As a sports fan, you make the argument that sports allows an escape from this current reality. Yes, it absolutely does – there’s a reason one of the few remaining sports leagues; the Belarussian Premier League is now drawing soccer fans from across the planet.

Right now, the need to escape though is better satiated by taking a look back at past glories – watching old classic games, re-watching that 2011 Stanley Cup Final, heck re-watching the 1972 one if you’re keen!

The NHL, nor any major sports league across the planet, seems unlikely to resume in the near future. The Boston Bruins can at least take some satisfaction from being the uncrowned Presidents Trophy winner this year.

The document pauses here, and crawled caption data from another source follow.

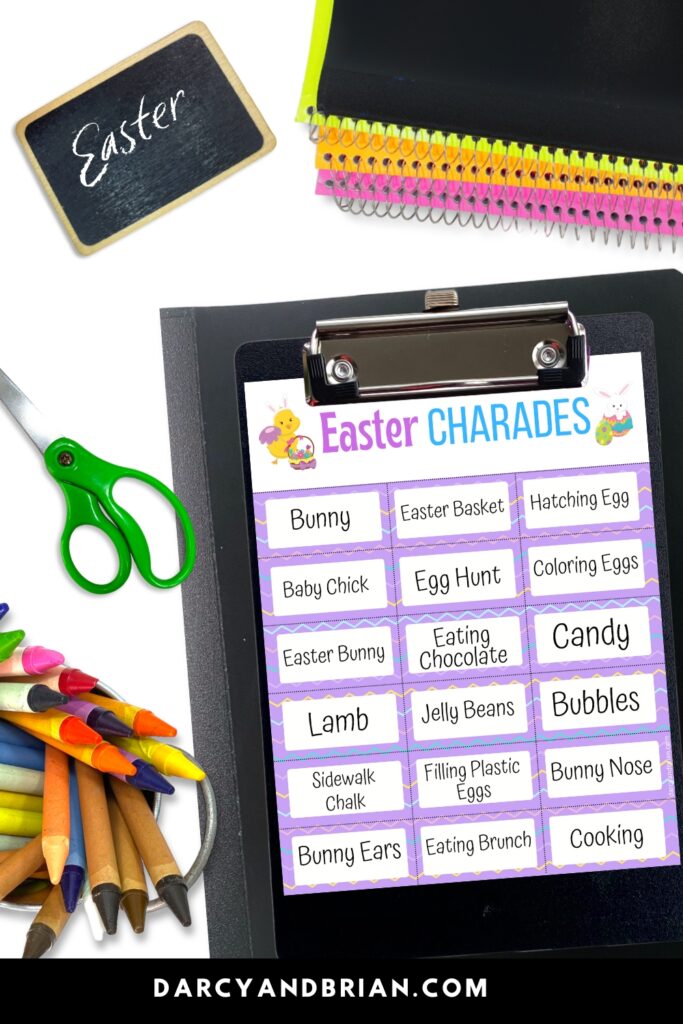 One page of Easter charades prompts on a black clipboard. A stack of colorful notebooks at the top next to a small chalkboard that says Easter. A pair of scissors and a bunch of crayons also next to it.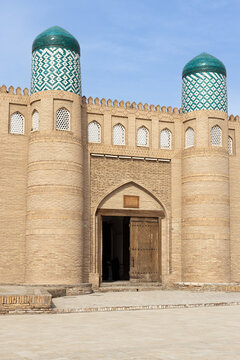 Kunya Ark citadel entrance gate with twin turquoise-domed towers in Khiva Uzbekistan. Iconic fortified gateway of Ichan Kala with ornamental brickwork and carved wooden doors, ideal for travel.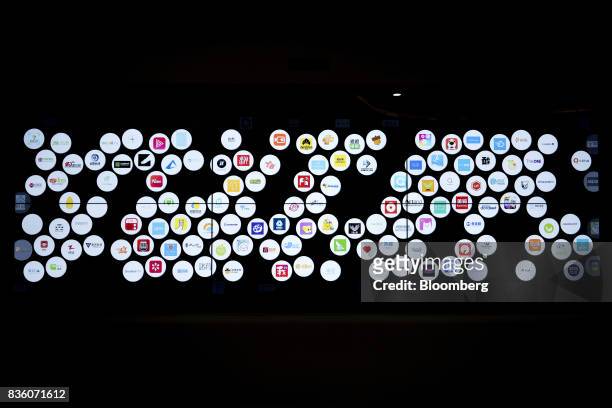 The logos of various startup companies in which Sinovation Ventures have invested are illuminated on a display panel at the venture's headquarters in...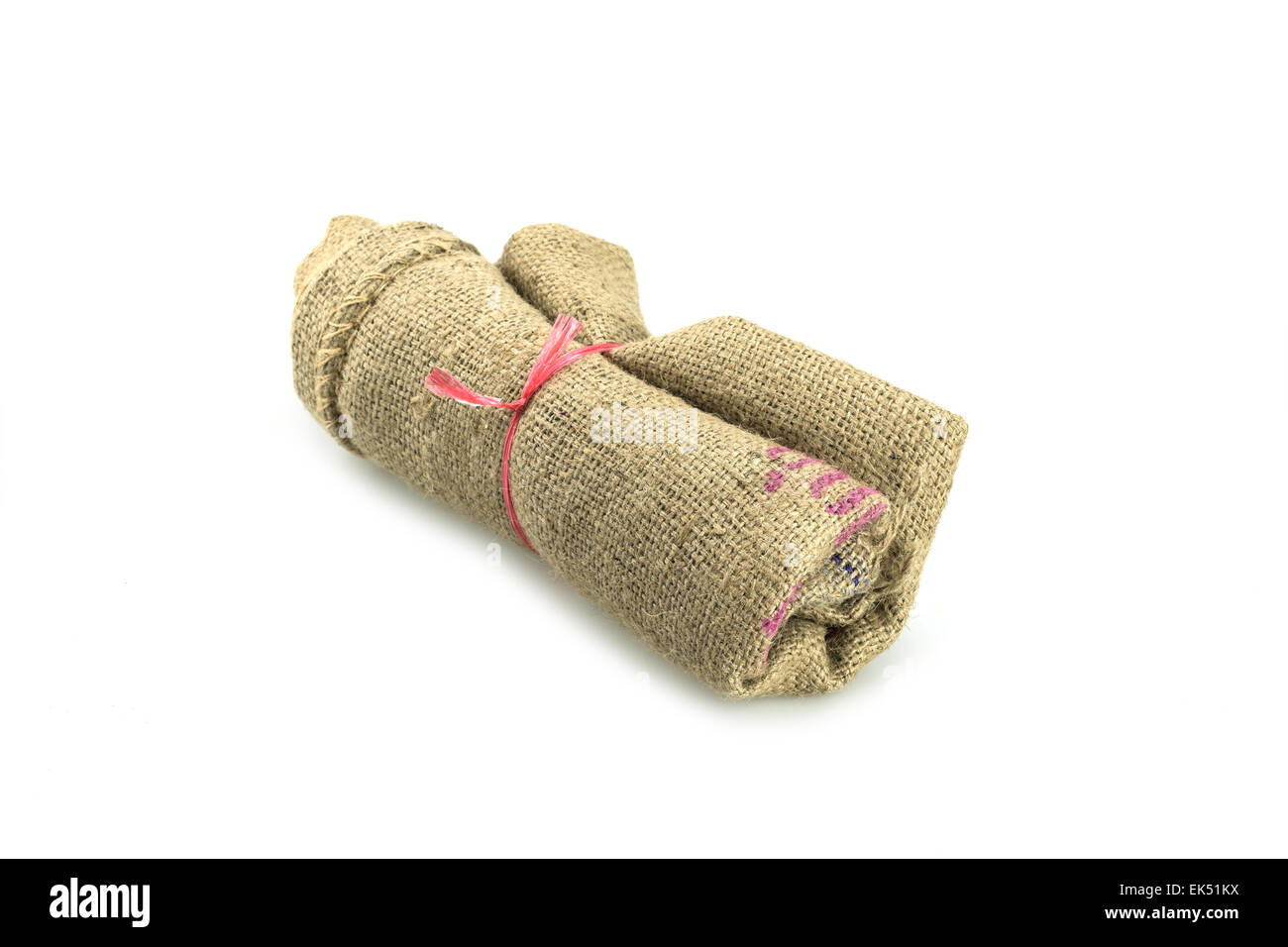 Roll of old sack or crumpled burlap isolated on white Stock Photo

If nothing else that offers a modicum of comfort and gives us something, however small to shout about should this suspended season end up a cancelled season.

Zdeno Chara grows older by the day but we expect he’ll be ultra-keen to lace up the skates again next year, not wanting to fade off into the history books without a proper chance to say goodbye. Tuukka Rask might well be gearing up for his final NHL season too next year; he’ll no doubt want to go out on top.

Maybe the age of this group actually means we’ll see them fighting even harder next season (if this one doesn’t resume) to add their names to the Stanley Cup (in some cases, for a second time) before they retire.

The Boston Bruins shouldn’t be angry and shouldn’t be upset. They have the right to feel frustrated but this is one of those times where sport is just a tiny part in the much bigger picture of life.